# Running once a week with pup?



## SunnyDae (Jan 18, 2014)

Lexi is just a few days over 6 months old and my wife and I were wondering if it is still too early for a once a week 1-2 mile run with us? We've heard that 1 year is the magic number for starting a normal running routine, but we'd like to get her used to behaving during runs as early as possible. Any suggestions??


----------



## texasred (Jan 29, 2012)

Find some off leash regular ground trails, (no pavement) and let her run free with you. She sets the pace, not you. You just follow.


----------



## Canadian Expy (Feb 27, 2013)

As TR has said, keep it to the trails for now. I have found that once they learn heel (and truly understand where heel is) the transition from walking in heel to running in heel is easy.

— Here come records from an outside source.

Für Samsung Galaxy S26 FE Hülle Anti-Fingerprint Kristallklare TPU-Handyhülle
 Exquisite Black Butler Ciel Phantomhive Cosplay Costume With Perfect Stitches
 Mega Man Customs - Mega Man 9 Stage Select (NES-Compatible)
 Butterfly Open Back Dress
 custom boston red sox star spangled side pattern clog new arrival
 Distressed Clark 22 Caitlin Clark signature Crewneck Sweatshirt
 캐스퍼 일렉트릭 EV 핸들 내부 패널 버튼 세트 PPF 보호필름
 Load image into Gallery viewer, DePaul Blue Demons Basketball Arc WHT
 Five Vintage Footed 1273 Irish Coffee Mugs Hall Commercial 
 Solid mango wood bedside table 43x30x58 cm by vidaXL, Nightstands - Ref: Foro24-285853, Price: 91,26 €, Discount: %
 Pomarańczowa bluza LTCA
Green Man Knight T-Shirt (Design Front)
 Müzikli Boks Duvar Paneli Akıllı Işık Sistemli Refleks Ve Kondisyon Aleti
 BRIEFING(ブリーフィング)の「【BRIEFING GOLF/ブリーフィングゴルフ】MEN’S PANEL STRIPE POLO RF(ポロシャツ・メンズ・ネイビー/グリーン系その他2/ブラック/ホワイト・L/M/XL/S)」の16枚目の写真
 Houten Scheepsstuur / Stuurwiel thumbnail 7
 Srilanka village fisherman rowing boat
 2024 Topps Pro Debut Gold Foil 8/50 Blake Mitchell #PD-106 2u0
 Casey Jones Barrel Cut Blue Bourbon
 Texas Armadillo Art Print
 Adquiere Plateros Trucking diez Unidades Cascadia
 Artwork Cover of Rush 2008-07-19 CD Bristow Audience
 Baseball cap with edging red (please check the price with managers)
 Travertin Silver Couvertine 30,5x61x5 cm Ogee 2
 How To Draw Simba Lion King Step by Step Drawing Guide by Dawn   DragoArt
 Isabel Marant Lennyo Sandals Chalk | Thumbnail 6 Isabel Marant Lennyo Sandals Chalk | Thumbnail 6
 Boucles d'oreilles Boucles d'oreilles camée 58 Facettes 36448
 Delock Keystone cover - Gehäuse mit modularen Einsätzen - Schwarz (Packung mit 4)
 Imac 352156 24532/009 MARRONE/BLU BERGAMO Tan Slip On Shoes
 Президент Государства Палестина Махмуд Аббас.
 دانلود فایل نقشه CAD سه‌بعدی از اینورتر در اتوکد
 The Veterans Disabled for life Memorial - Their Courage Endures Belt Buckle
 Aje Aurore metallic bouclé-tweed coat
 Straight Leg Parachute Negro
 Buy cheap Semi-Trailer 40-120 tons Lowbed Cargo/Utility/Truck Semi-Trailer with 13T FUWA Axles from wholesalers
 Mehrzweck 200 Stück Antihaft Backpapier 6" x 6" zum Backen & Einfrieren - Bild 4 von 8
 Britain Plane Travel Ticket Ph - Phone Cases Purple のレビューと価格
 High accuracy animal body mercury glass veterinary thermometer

Within a couple of sessions my guy would no longer get over excited and jump.


----------



## Becky68 (Feb 4, 2014)

Hi Canadian Expy
We've just done our first 5k run and Anwen is now 7 months, it was Fab I ran her off leash on open fields and she occasionally disappeared for a rabbit sniff but kept to my side most them time as we've worked on re-call big time over the last few weeks.
It was great having an enthusiastic running buddy and her pace was great, unfortunately as 40 min walk only lasted 20 mins so I need to look for a bigger route as she ran the same as she would on a normal walk.
She had nice cool swim at the end which I was v envious a I could have jumped in there and then especially as my running app reminded it was 32 weeks since my last run.
Which is why other than many reasons as they are so beautiful.loving etc we chose a V .
Good luck!
and enjoying a post run cuddle with my V.


----------



## miru (Sep 9, 2014)

Hello,,

Glad to hear you also try running a little with your puppies1
Leo is 17 weeks now and today I tried running a little in the fields and we both adored it!
I hope it is not to bad for his joints( in fact when he runs with other puppies for 10 min during his training classes he's doing a lot of effort and he still has a lot left!!)
Agree with the idea of respecting his pace(if I can)but.. how long would you suggest for this age?
Thanks,

Miru


----------